そして、子どもの想像力が世界を豊かなものにする、ということを示してくれる、 CMとはちょっと違うラストには、なんだか目頭と胸が熱くなってきました。
CMを見たときと同様に、この『まっくろ』を読んでいるときにも、わたしは主人公の男の子に激しく感情移入しておりました。子どものときから、他者に意思や感情を伝えるのがあまり得意ではなかったわたしも、自分の考えや思いが誰にも理解されないまま、もどかしさと孤独感を覚えたことが、もう何度も何度もありましたから。

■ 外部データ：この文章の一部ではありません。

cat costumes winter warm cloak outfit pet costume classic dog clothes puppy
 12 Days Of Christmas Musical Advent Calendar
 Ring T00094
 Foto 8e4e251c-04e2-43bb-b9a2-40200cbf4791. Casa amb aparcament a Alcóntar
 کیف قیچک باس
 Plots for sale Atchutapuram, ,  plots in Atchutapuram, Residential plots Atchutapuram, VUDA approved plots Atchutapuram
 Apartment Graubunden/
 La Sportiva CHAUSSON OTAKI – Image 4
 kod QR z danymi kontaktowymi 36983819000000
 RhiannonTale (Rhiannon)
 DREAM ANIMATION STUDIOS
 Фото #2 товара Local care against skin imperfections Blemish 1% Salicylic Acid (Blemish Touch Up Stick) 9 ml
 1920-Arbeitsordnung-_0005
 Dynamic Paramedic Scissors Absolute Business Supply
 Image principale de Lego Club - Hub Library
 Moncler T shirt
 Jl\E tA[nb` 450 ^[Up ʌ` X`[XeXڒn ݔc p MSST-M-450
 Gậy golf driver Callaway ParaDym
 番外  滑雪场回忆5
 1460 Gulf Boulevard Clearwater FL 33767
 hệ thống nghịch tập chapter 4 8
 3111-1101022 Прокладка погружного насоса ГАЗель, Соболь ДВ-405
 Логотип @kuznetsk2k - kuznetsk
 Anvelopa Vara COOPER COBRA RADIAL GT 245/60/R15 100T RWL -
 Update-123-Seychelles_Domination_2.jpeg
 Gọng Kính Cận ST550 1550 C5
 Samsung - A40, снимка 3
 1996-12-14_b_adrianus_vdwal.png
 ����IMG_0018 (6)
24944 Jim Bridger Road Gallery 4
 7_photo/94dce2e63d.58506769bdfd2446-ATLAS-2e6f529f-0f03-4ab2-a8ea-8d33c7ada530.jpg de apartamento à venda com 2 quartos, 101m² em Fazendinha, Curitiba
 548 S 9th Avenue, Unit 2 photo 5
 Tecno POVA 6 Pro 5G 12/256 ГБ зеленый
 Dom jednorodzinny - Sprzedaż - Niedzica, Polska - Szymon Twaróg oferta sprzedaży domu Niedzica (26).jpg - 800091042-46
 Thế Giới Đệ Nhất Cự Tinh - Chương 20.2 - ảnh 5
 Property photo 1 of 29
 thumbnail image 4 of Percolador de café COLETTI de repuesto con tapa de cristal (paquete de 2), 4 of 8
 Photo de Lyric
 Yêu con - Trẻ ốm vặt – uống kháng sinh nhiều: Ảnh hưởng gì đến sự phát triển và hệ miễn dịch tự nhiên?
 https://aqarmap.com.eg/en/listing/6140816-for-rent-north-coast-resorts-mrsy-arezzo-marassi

しかし、それとともにある種の罪悪感のような思いも湧いてまいりました。大人の貧弱な想像力ではとてもかなわないほど、スケールの大きな想像力と豊かな個性を持っている子どもたち。なのに、それを理解できないまま(あるいはハナから理解しようともせずに)自分たちの狭い視野の考え方や常識を押しつけては、知らず知らずのうちに子どもたちの想像力と個性を押しつぶしてしまっているのではないか・・・と。
「自分の思いを好きなように出していっていいんだよ」と、子どもたちの背中を押してくれるとともに、その子どもたちのスケールの大きな想像力と豊かな個性を尊重し、それらをのびのびと伸ばしていくことの大切さを、わたしたち大人の心にも訴えかけてくる、力のある絵本です。